HDP Sözcüsü ve Kars Milletvekili Ayhan Bilgen, partisinin genel merkezinde düzenlediği basın toplantısında gündeme ilişkin değerlendirmelerde bulundu.

Olası Afrin operasyonuyla ilgili değerlendirmelerde bulunan Bilgen, “Afrin’le ilgili tutum da tek tip gibi aynı basiretsizlikle, aynı siyasi hesaplarla tüm ülkeyi uçuruma sürüklemenin bir örneğidir. Oraya düzenlenecek operasyonun sadece bir örgütle ilişkilendirilmesinin izah edilir tarafı yoktur. 100 binlerce insanın silahların hedefi haline gelmesi, oraya yönelik öfkenin bedelini kadınların, çocukların yaşaması kabul edilemez. Afrin’den Türkiye’ye bir tehdit bir saldırı yok. Bu saldırı gerekçesi yapılamaz. Türkiye Rusları ikna etmek için çaba sarf ediyor. Kürtlere el uzatmak yerine kolunu Ruslara kaptırmış bir dış politika ile karşı karşıyayız” dedi.
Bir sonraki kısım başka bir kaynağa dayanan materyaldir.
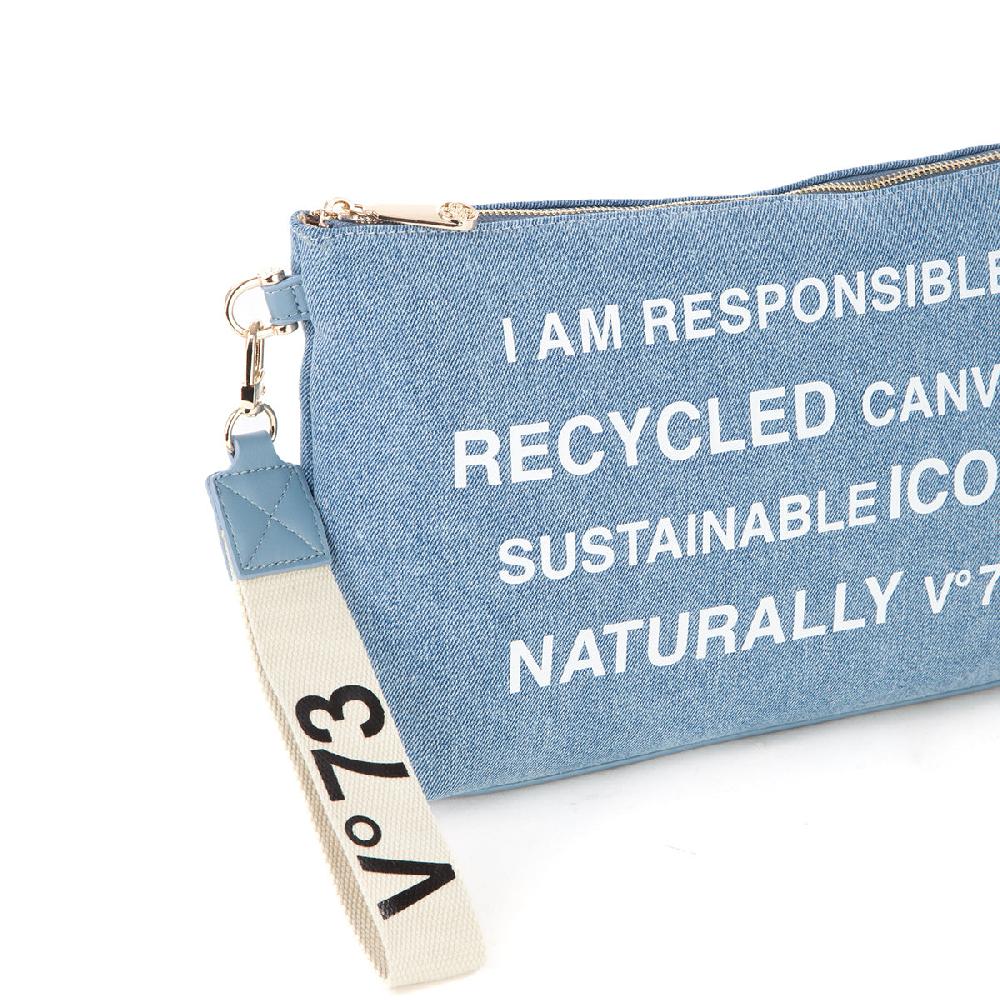 V73 Beauty RESPONSIBILITY BEAUT Acquista Ora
Bilgen’in açıklamaları şu şekilde:

Alevilerin sesi TV 10 yöneticilerinin, Veli Büyükşahin ve Veli Haydar Güleç’in tutuklanmış olmalarına dikkat çekmek istiyorum. Bir topluma yönelik dışlamanın şimdi doğrudan bir televizyon kanalına yönelik uygulamaya dönüşmüş olması dikkat çekici bir durum.
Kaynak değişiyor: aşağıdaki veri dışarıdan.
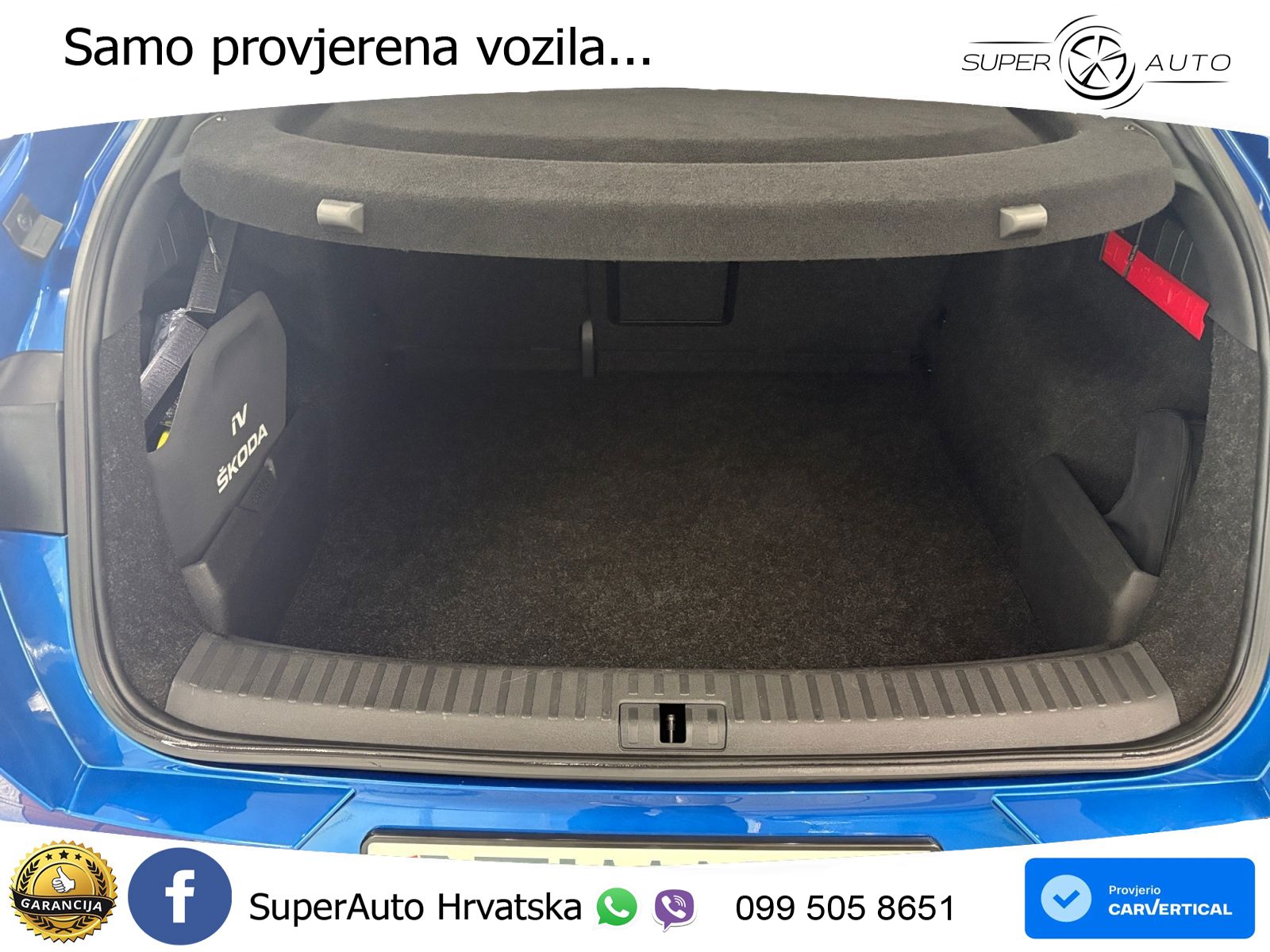 Škoda Enyaq Coupe iV RS 82 kWh (299 KS) AWD LED+GR SJED+ACC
TEK TİP KIYAFET UYGULAMASI

Tek tip kıyafetle ilgili yaklaşımı tüm topluma yönelik tek tipleştirme siyasetinin parçası olarak görüyoruz. Hayatın her yerinde tek tipçiliği esas alanlar, tek tipleşmeyi politika haline getirenler cezaevlerine de aynı uygulamayı dayatmak istiyorlar. Bu uygulamanın eşitlik, adil yargılama ilkesi açısından anlamına dair çok şey ifade ettik. Avrupa Konseyi’nin, BM’nin, AİHM’in daha önce verilmiş kararları doğrudan doğruya Türkiye idaresinin uygulamalarını bağlıyor olmasına rağmen bunları yok saymak, OHAL’i fırsata çevirmek ve KHK ile yeni bir gerilim fitili ateşlemek yeni bir provokasyona imza atmaktır.

‘TÜRKİYE TERSİNE GİDİYOR’

Daha önce Kenan Evren’in denediği ve siyasi hükümlülerin iç çamaşırlarıyla mahkemelere çıkmayı göze alıp tek tipe karşı direndiği gerçeğini biliyoruz. Yine, 80’lerin sonlarında Danıştay’ın verdiği tek tiple ilgili iptal kararı ortada. Tüm dünyanın yargılamada daha adil davranma, hukuk devleti inşa etme konusunda aldığı mesafeye rağmen Türkiye’nin tersine gidişi, içinde bulunduğu durumu da net bir şekilde ortaya koyuyor.

‘TEK ADAMIN BÜTÜN ÜLKEYİ TEK TİPLEŞTİRME AMACININ GÖSTERGESİ’

Tek tip uygulaması, tek adamın bütün ülkeyi tek tipleştirme amacının, öfkesinin eseridir. Siyasetçiler seçim meydanlarında söylediklerinin esiri olmamalıdır. Elbette ki seçim meydanlarında nefret dili kullanmamak, öfkeyle konuşmamak, hamaset dolu mesajlarla oy toplamaya çalışmamak konusunda özen göstermek zorundalar. Hele bir de o ortamda söylenmiş talihsiz sözlerin esiri olup, o sözlerin gereğini yaparsanız. Meydanlarda fanatik bir kesimi memnun etmek için söylenmiş sözün bir uygulamaya dönüşmesi ve bunun bedelinin bütün ülkeye ödetilmesi kabul edilemez.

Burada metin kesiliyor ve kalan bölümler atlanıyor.